Friday, June 28, 2013

Sin City, Cambodia


“The difference between a good
haircut and a bad one is a week.” 
--my Aunt Marcy

Day 1:
You arrive Sihanoukville, in the south of Cambodia, at 7:45 PM.  You’ve been on the road since 7:30 that morning, bouncing over barely paved roads and dodging in and out of motorcycles carrying whole families, minivans crammed with thirty people. 
You’re tired.  You’re two-and-a-half-weeks into your trip and you’re not sleeping enough, not exercising, and eating way too much rice.
You hate this.  Not Cambodia, but arriving in town this way, in the dark, tired.  Bad enough trying to establish a mental map, locate a good grocer, figure out the logistics of getting breakfast, work through the kinks of your hotel room’s cooling system.  But to arrive late at night, exhausted and hungry with a second round of Pol Pot’s revenge on the horizon.  The worst.
It probably doesn’t help that Dam, your guide, has warned you and the rest of your group that Sihanoukville can be a dangerous town.  “There are pickpockets there,” he says, his baritone unusually earnest.  “And bag snatchers.  Don’t leave anything alone on the beach.”
And it probably doesn’t help that Sihanoukville has a reputation as a sort of hippy enclave, a place where people who can’t stay sober even long enough to maintain a job at McDonalds go to hang out on the beach and smoke weed until they pass out, waking at dawn with their legs red from sand flea bites.  You did your stint in Colorado twenty years back and have only minimal tolerance for people like this, folks who have no loyalty to anything or anybody other than their own high.  After seventeen days wallowing in the company of Cambodians whose kindness and humor is unparalleled even by the Thai, you’re not in the mood to spend time with dread-locked pot heads who haven’t bathed in weeks. 
At the Holy Cow for dinner, you barely sip your pumpkin soup, your stomach grumbling.  Everyone else is thrilled with their food, but when they start talking dessert, you put your spoon down and excuse yourself, catching a tuk tuk back to the hotel.  You spend the next twenty minutes on the toilet, head in your hands.

Day 2:
Breakfast sucks.  The dining room is hot and crowded, the tables are littered with crumbs and used napkins.  The buffet, featuring everything from boiled eggs to lo mein to batter-fried squash, has been picked over.  Sihanoukville, a masseuse in Siem Reap told you, is a favorite vacation spot for Cambodians.  This sets it aside from many of the beaches in Asia, where the only natives you see are the ones cleaning your room.
But even so, it means you have to stand there quietly, watching the dark-haired lady in front of you take the last six slices of mango.
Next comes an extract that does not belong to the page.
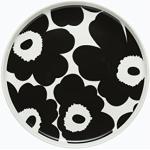 Reduzierte Schwarze Skandinavische Marimekko Unikko Runde Kuchenteller 20 cm aus Keramik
At lunch that day, you and your colleagues watch as a handsome young man with Irish skin and black hair throws a leg over the seat of a moped.  Moments earlier, you watched as this same young man came down the hall toward you, weaving slightly, eyes half-closed, lips parted as though he’s just thrown up, or is just about to. 
It’s barely noon. 
Now he’s joined by a companion, a lanky boy with sun-bleached hair, expensive dark glasses, and a full bottle of San Miguel in one hand.  The two of them settle themselves on the moped and dark hair starts the engine, twisting the throttle.  As they lurch off, blonde hair sways back, spine arched, nearly tumbling head over heals onto the sandy courtyard. 
He doesn’t though, doesn’t spill a drop of his beer as they zoom off the curb and into the road, veering to miss a gray-haired man on a bicycle. 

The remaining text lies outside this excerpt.